With Humphrey Bogart, Walter Brennan, Lauren Bacall.
US, 1944, 35mm, black & white, 100 min.
Print source: Warner Bros.

Rarely has Hollywood produced a male-female duo with more chemistry than Humphrey Bogart and Lauren Bacall, and To Have and Have Not, their first collaboration and Bacall’s onscreen debut, ranks among their most electric. The film, based on an undistinguished Ernest Hemingway novel whose complicated black-market plotting is thoroughly streamlined by Hawks in favor of character exploration, is defined by long, simmering sequences of flirtation between its two stars, who command a series of cramped two shots with an ongoing dynamic of physical intimacy, innuendo and battles of wit. Bogart is a charter ship owner in Vichy-occupied Martinique and Bacall is the singing American tourist who catches his eye from across the boat’s swarming cabaret.

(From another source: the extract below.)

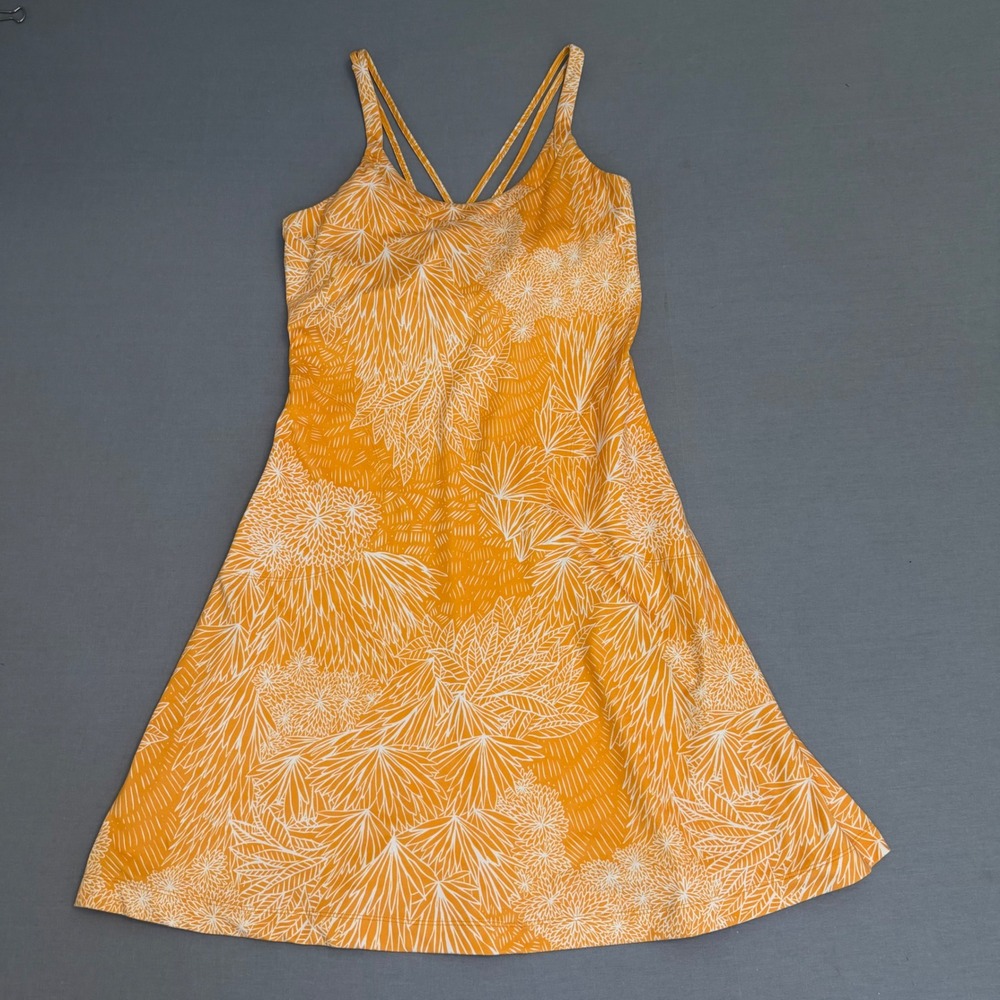 Title Nine Orange Floral Athletic Dress Snap Gusset Romper Womens S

Both become embroiled in a fiasco involving French Resistance money and pesky Vichy policemen, but all of this is window dressing. To Have and Have Not is first and foremost one of Hawks’ most atmospherically distinctive films, conjuring in a studio backlot a dance of delicate and exotic energies, from Bacall’s sensuous whisper and Bogart’s wafting cigarette smoke to the humid island breezes and clammy air of secrecy.